This one looks like it'll turn out great! The face is SO CUTE


----------



## Emzy (Jun 12, 2020)

You're doing great Mikaiah!!! Don't push yourself if you're tired c: rest up lots bby!! May i ask what program you're using? Personally i find lining on PainttoolSAI alot easier than other programs c: They have a great pen stabilizer and a lineart tool too


----------



## Weiss Schnee (Jun 12, 2020)

Omgosh this art style is so CUTE!


----------



## Mikaiah (Jun 12, 2020)

SugarMage said:


> This one looks like it'll turn out great! The face is SO CUTE


Thank you!! I've been trying to experiment with different types of eyes recently, liking the result so far <3



Emzy said:


> You're doing great Mikaiah!!! Don't push yourself if you're tired c: rest up lots bby!! May i ask what program you're using? Personally i find lining on PainttoolSAI alot easier than other programs c: They have a great pen stabilizer and a lineart tool too


I ended up taking a nap after that and felt sick afterwards so didn't continue hahaa ^^;; but I'll probably work on it today!
And sadly I use procreate on my iPad. I have Corel Painter and Adobe Photoshop on my computer, but I don't have a good pentablet to go with it (I have a ****ty one I stole from my brother who played osu, it doesn't work that well hahaa) but I'll go back at it today.
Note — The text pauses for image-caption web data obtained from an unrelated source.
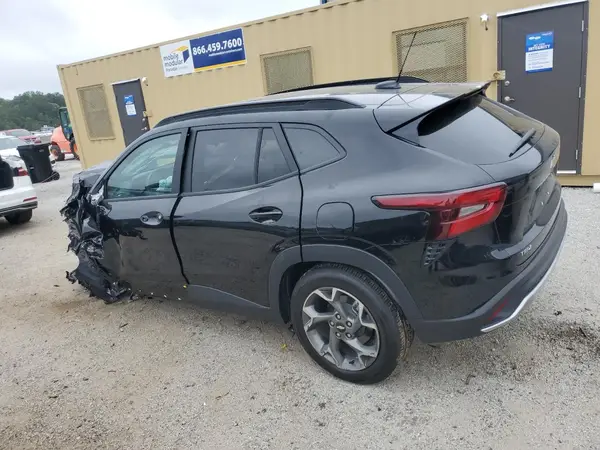 KL77LHEP0SC202958 2025 CHEVROLET TRAX - Image 2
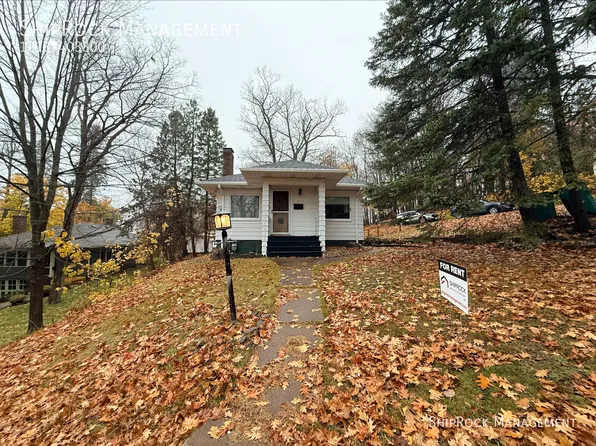 2315 Vermilion Rd, Duluth, MN 55803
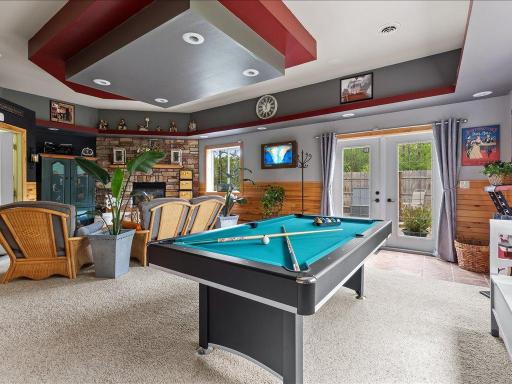 10'ceilings in lower level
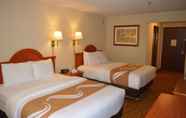 Kamar Tidur 3 Quality Inn & Suites Lacey I-5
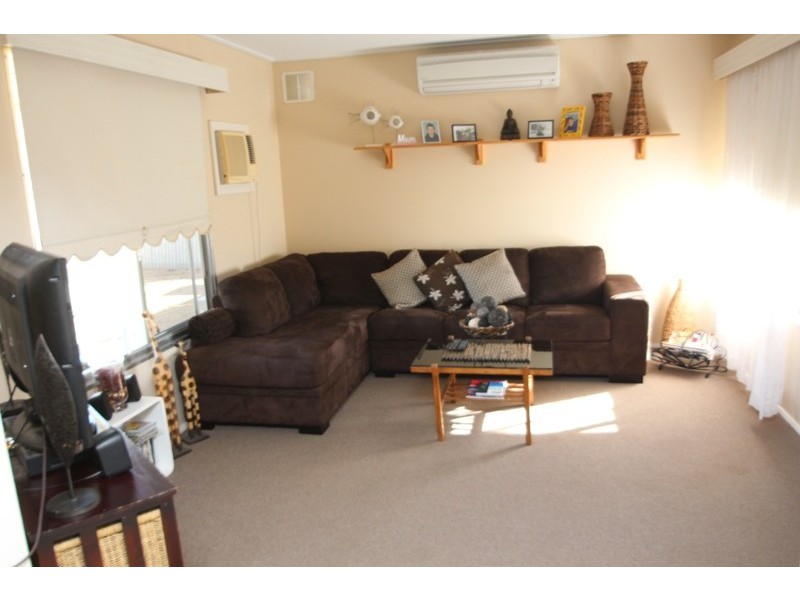 6 Baynes Street, Barmera SA 5345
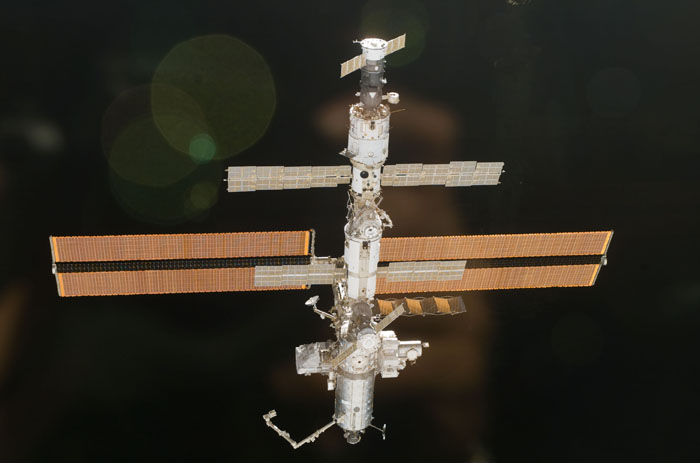 STS110-E-05919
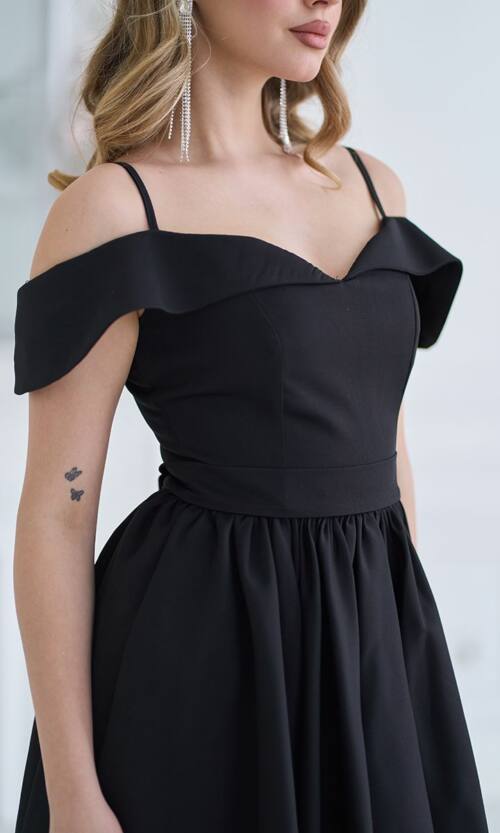 Коктейльна Сукня Відкриті Плечі 24045 Чорна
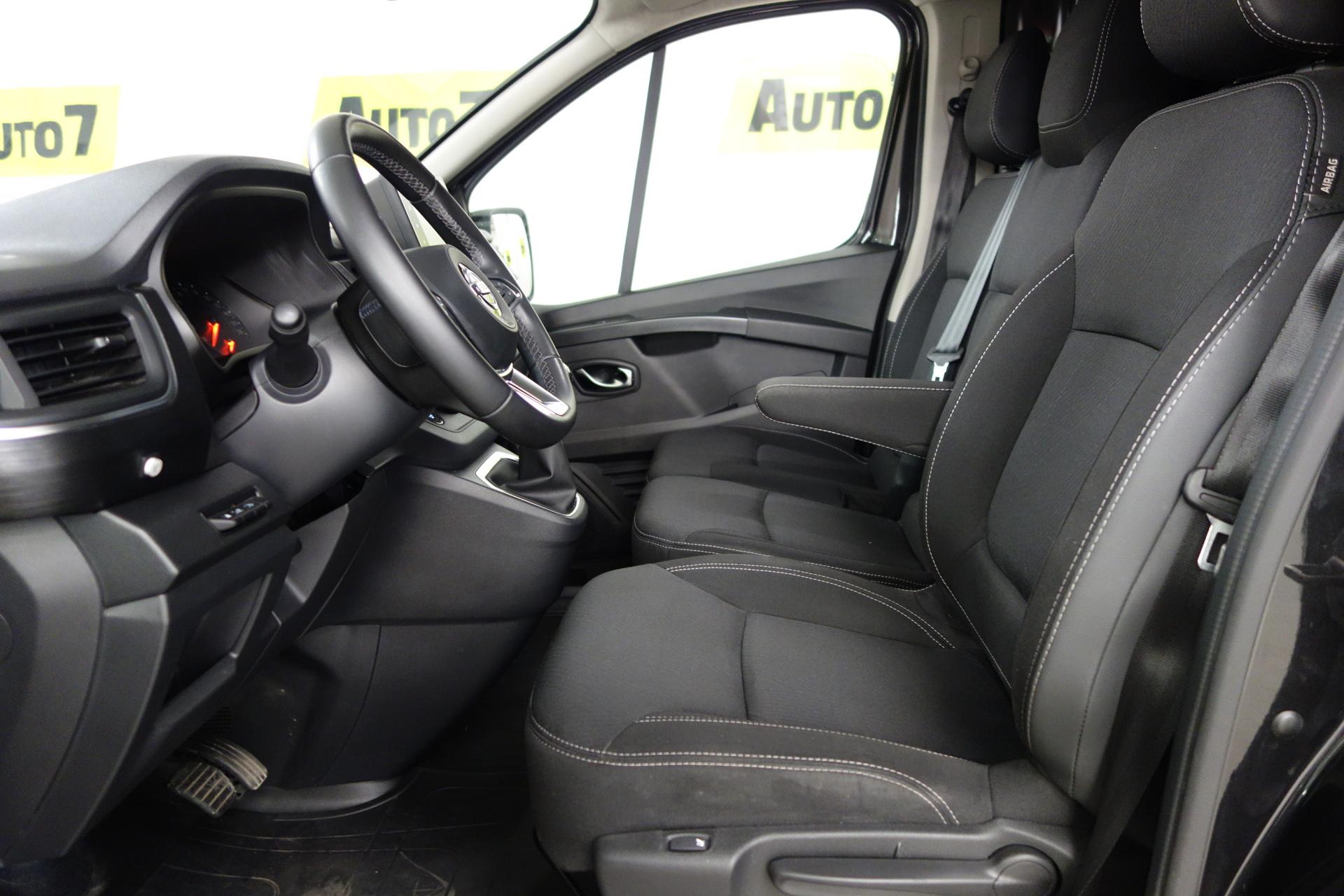 NISSAN Primastar 2024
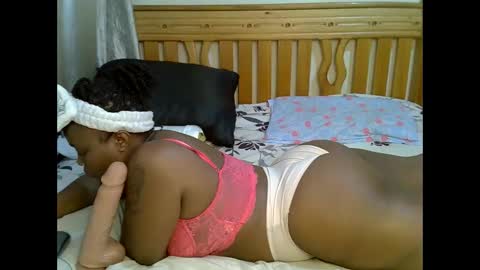 Snapshot of sluttydevil6 chatting on 09-09-25, 10:04 sluttydevil6 online show from 09-09-25, 10:04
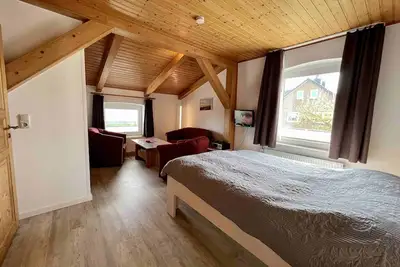 Haus Hagelstein - Holiday apartment \"Iv-Feuerstein\" directly behind the dike!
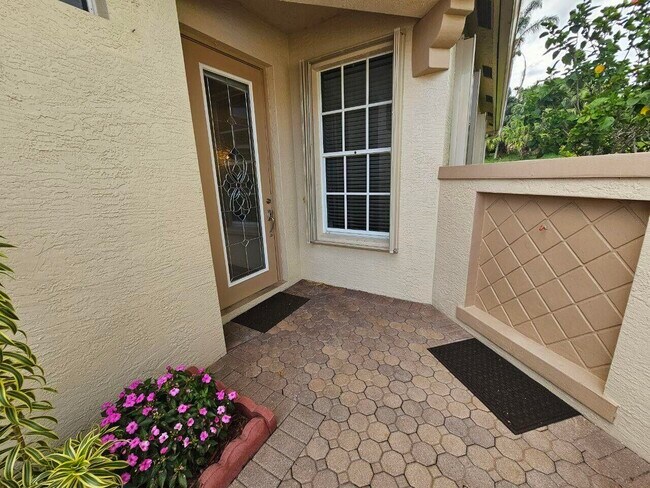 Foto del edificio - 660 SW Treasure Cove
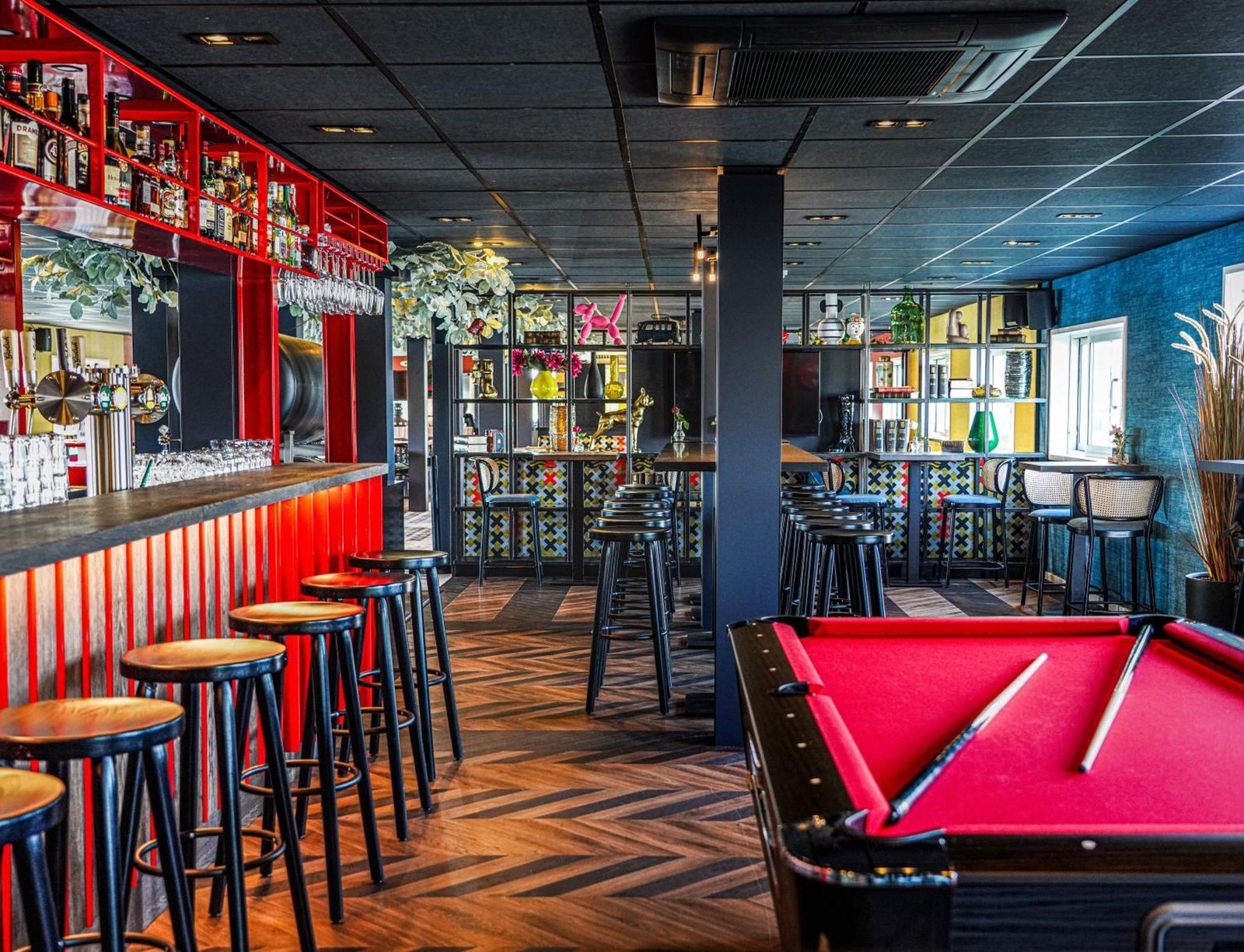Botel — eat & drink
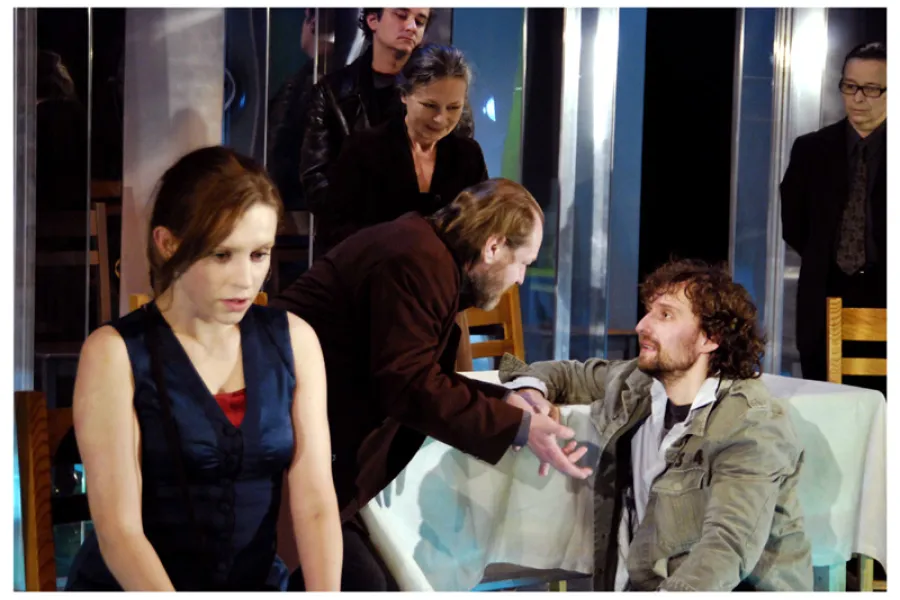 zdjęcie ze spektaklu Ślub, fot. Greg Noo-Wak 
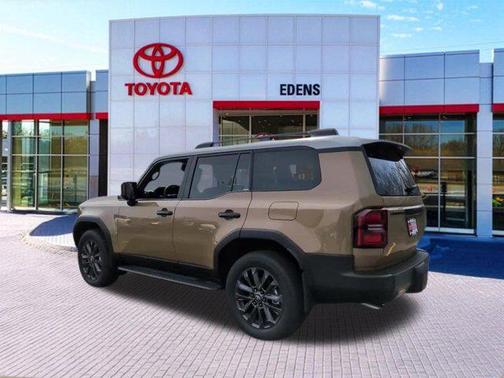 Trail Dust/Gray Scape Roof 2026 Toyota Land Cruiser Base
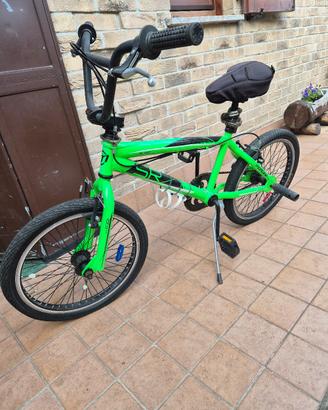 BICICLETTA BMX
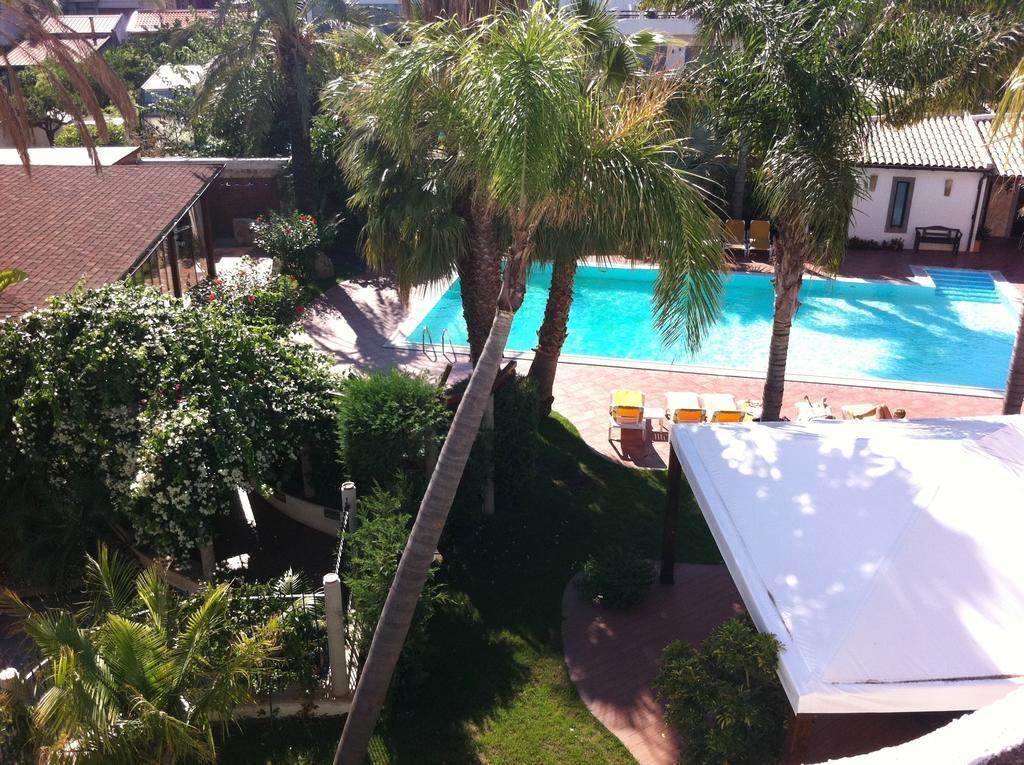 Hotel Redebora Torregrotta Exterior photo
Trying to experiment with different brushes and pen pressures since I only recently got the apple pencil which has pen pressure haha ^^



Weiss Schnee said:


> Omgosh this art style is so CUTE!


Thank you so muchhh <3


----------



## Rowlet28 (Jun 12, 2020)

I like your style, it's pretty cute. Hoping to do digital art someday when I have the chance... I mostly do traditional and realism but I'm not into drawing these days...


----------



## Mikaiah (Jun 12, 2020)

mewto28 said:


> I like your style, it's pretty cute. Hoping to do digital art someday when I have the chance... I mostly do traditional and realism but I'm not into drawing these days...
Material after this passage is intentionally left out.